**EXERCISE AIM:** The answer is the exact run of lines in the listing below from the line containing "animal on a rock" up to and including the line containing "Rozenlaan 79 Rhenen thumbnail 8", with pictures removed.
====== LISTED ENTRIES
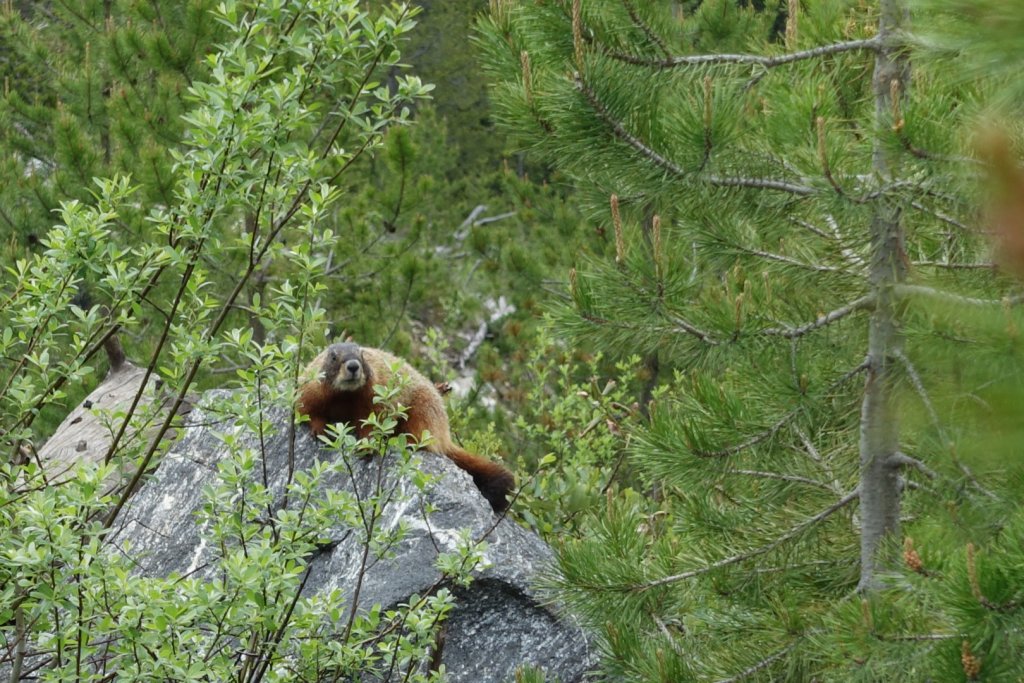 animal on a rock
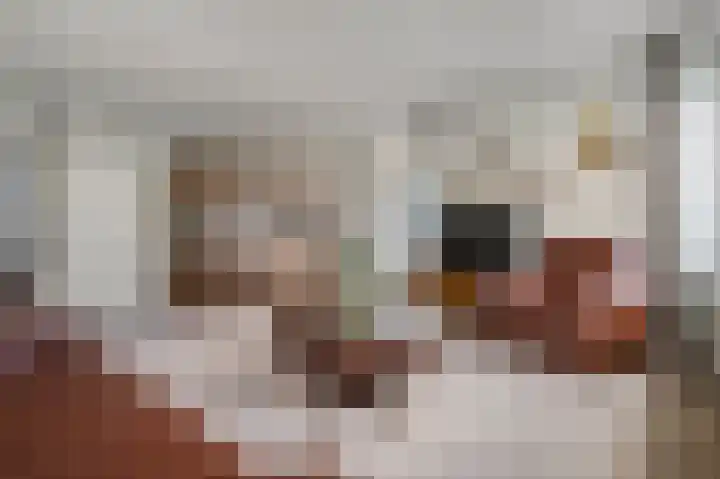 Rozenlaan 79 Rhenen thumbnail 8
============
====== LISTED ENTRIES
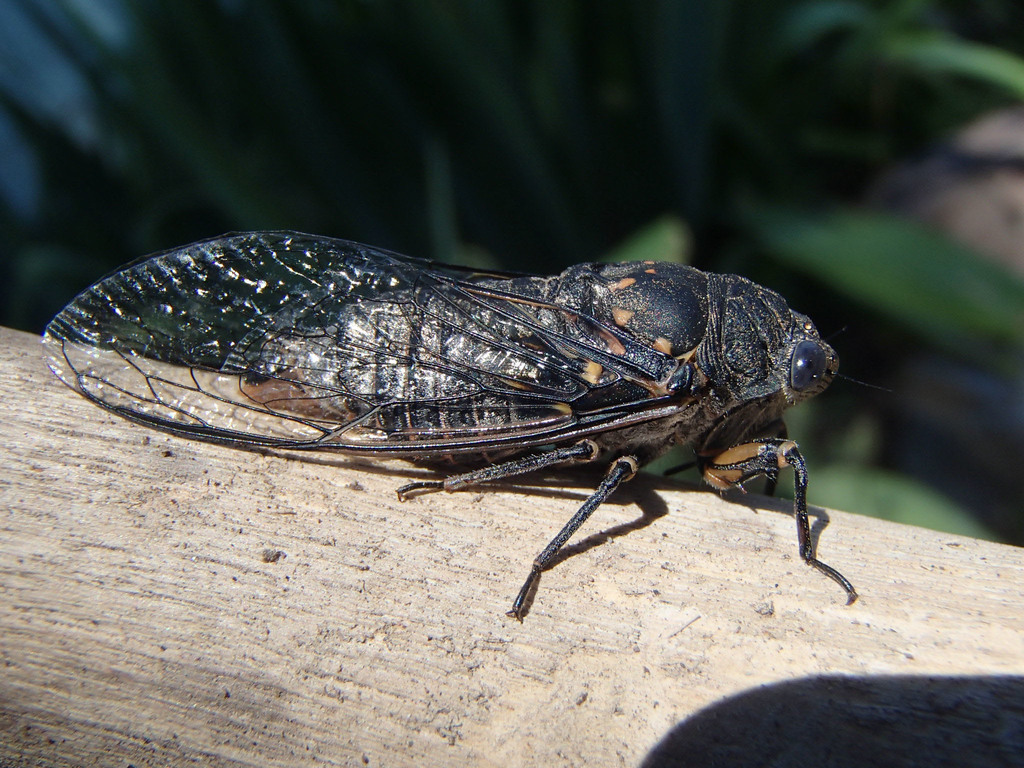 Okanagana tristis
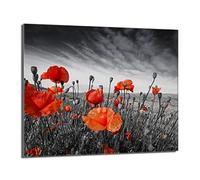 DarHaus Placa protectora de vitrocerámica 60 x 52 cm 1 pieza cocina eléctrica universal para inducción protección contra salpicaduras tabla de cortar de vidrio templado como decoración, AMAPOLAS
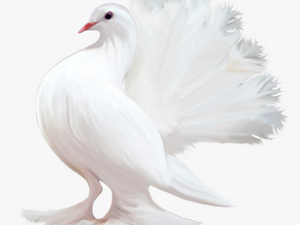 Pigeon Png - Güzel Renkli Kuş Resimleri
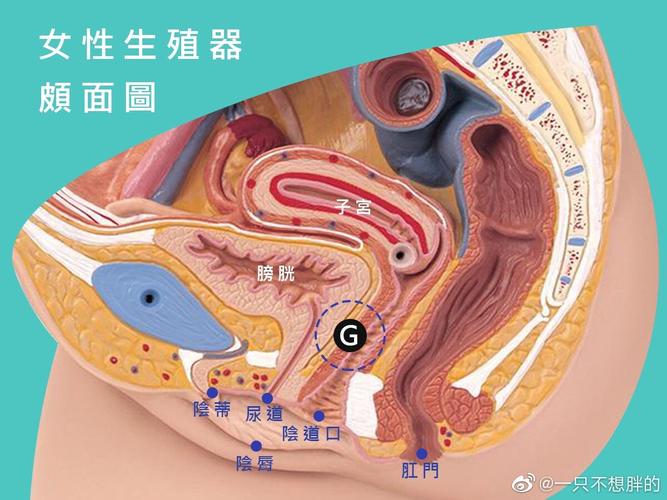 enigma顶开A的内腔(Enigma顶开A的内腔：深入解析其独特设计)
============
**EXERCISE RESULT:**
 animal on a rock
 Rozenlaan 79 Rhenen thumbnail 8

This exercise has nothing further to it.